#### Supplied material ####
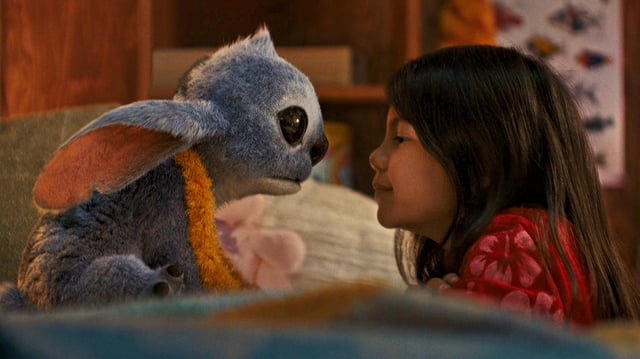 Stitch and Lilo (Maia Kealoha) in the new "Lilo & Stitch."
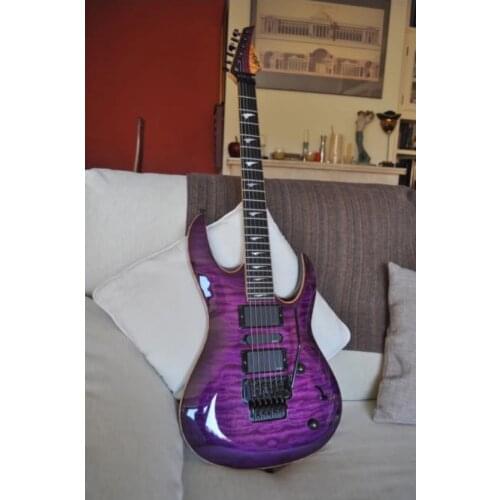 Electric guitar purple burst customized headstock and body shape.maple neck with string thru body ferrules.free shipping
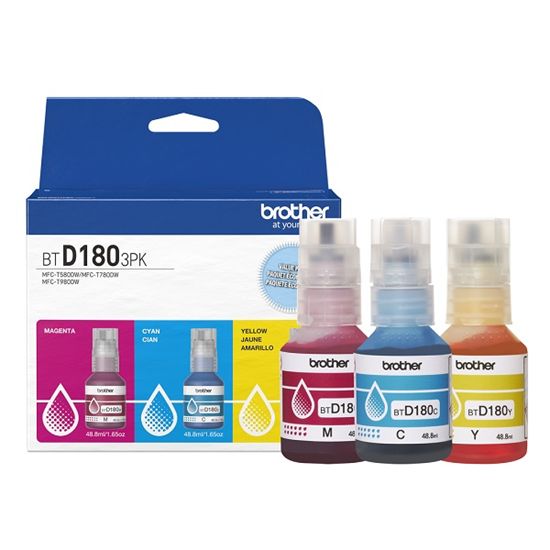 Brother 3-Pack High Yield Cyan Magenta and Yellow Ink Bottles (5000 Yield Each) 1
####
▶ Work instruction
Transcribe exactly the line containing "Electric guitar purple" and every line after it through the end of the listing above; pictures are not part of the copy.

▶ Result for this exercise
 Electric guitar purple burst customized headstock and body shape.maple neck with string thru body ferrules.free shipping
 Brother 3-Pack High Yield Cyan Magenta and Yellow Ink Bottles (5000 Yield Each) 1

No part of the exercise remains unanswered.